Author: ZmnSCPxj 2019-10-03 23:42:25
Published on: 2019-10-03T23:42:25+00:00
In a recent email thread, ZmnSCPxj has discussed the importance of `OP_CAT` and how it could be used to make TumbleBit transactions smaller. However, the current limitation is that stack values cannot be concatenated in Bitcoin. He suggests enabling `OP_CAT` with a change that limits the size of each concatenated value to 64 bytes or less since this size is most suited for building Merkle trees.

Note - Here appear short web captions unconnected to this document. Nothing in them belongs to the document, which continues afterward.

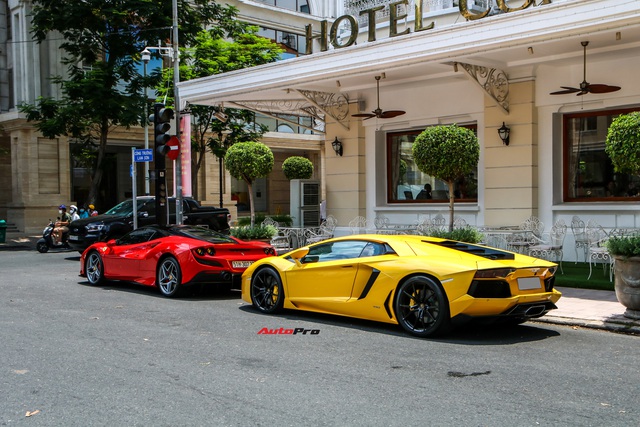 Doanh nhân Nguyễn Quốc Cường cầm lái Ferrari F8 Tributo dạo phố, xuất hiện cùng một siêu xe mới âm thầm về nước - Ảnh 6. Doanh nhân Nguyễn Quốc Cường cầm lái Ferrari F8 Tributo dạo phố, xuất hiện cùng một siêu xe mới âm thầm về nước - Ảnh 6.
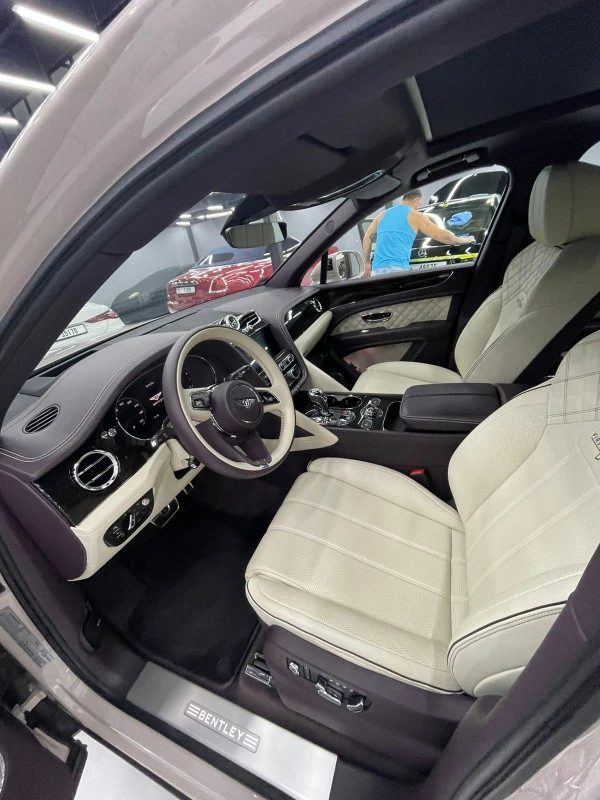 Bentley Bentayga (Beige), 2022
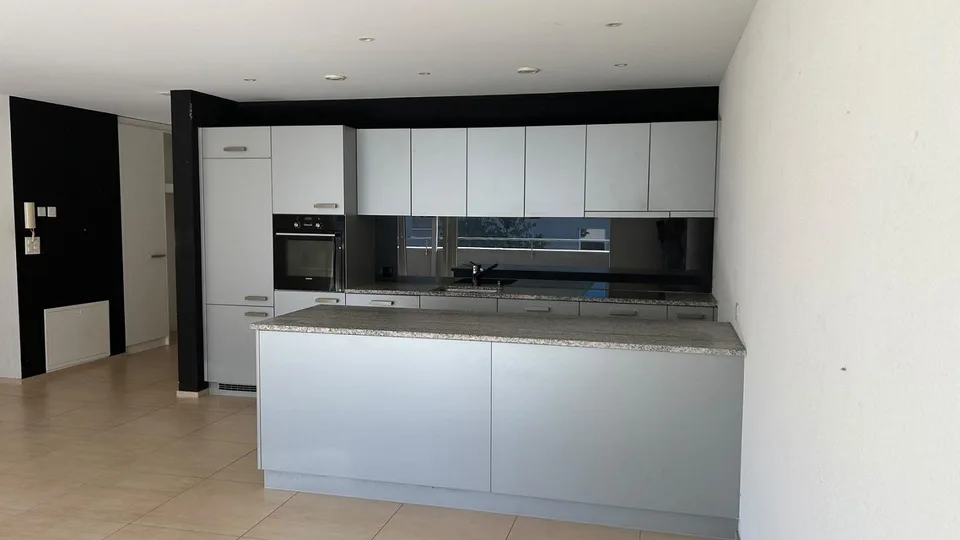 Helle 2.5-Zimmerwohnung mit sonnigem Balkon – Foto 4 von 7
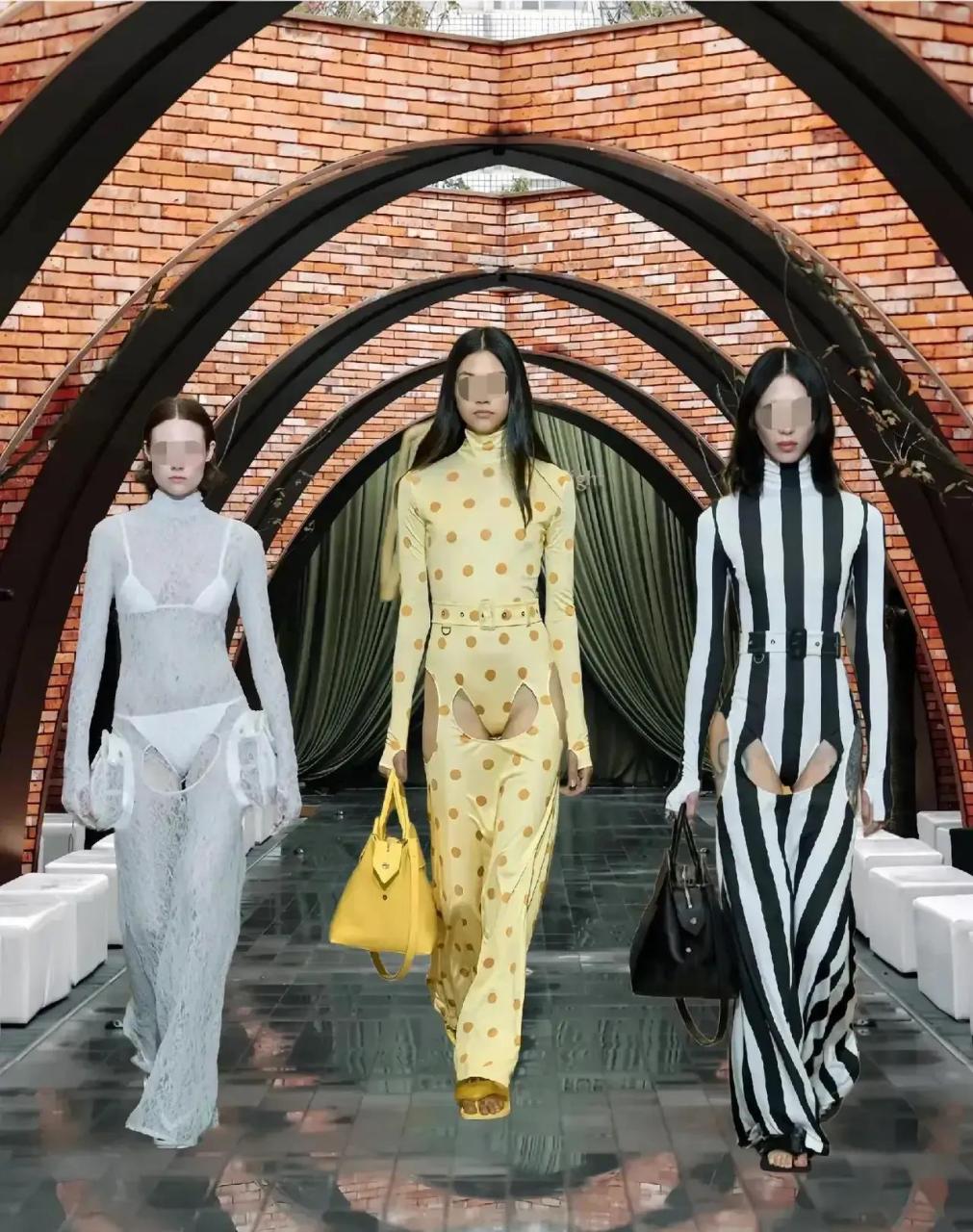 "在巴宝丽2023年春夏大秀上,一件极为突出的服饰,让观众们看后都直呼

However, there have been issues with the use of Merkle trees in Bitcoin blocks, specifically related to determining if a hash on a Merkle node is the hash of a Merkle subnode or a leaf transaction. ZmnSCPxj also proposed a radical idea regarding `SIGHASH` flags attached to signatures, suggesting they are a misdesign and should be removed. Instead, he proposes putting `SIGHASH` on public keys. Public keys would be encoded as either 33-bytes (implicit `SIGHASH_ALL`) or 34-bytes (`SIGHASH` byte, followed by pubkey type, followed by pubkey coordinate). `OP_CHECKSIG` and friends would then look at the public key to determine sighash algorithm rather than the signature. In addition, ZmnSCPxj proposed adding the opcode `OP_SETPUBKEYSIGHASH`, which would allow the sighash to be selected at time-of-spending rather than time-of-payment. The sighash can be put in the witness stack after the signature, letting the `SIGHASH` flag be selected at time-of-signing, but only if the script specifically is formed to do so.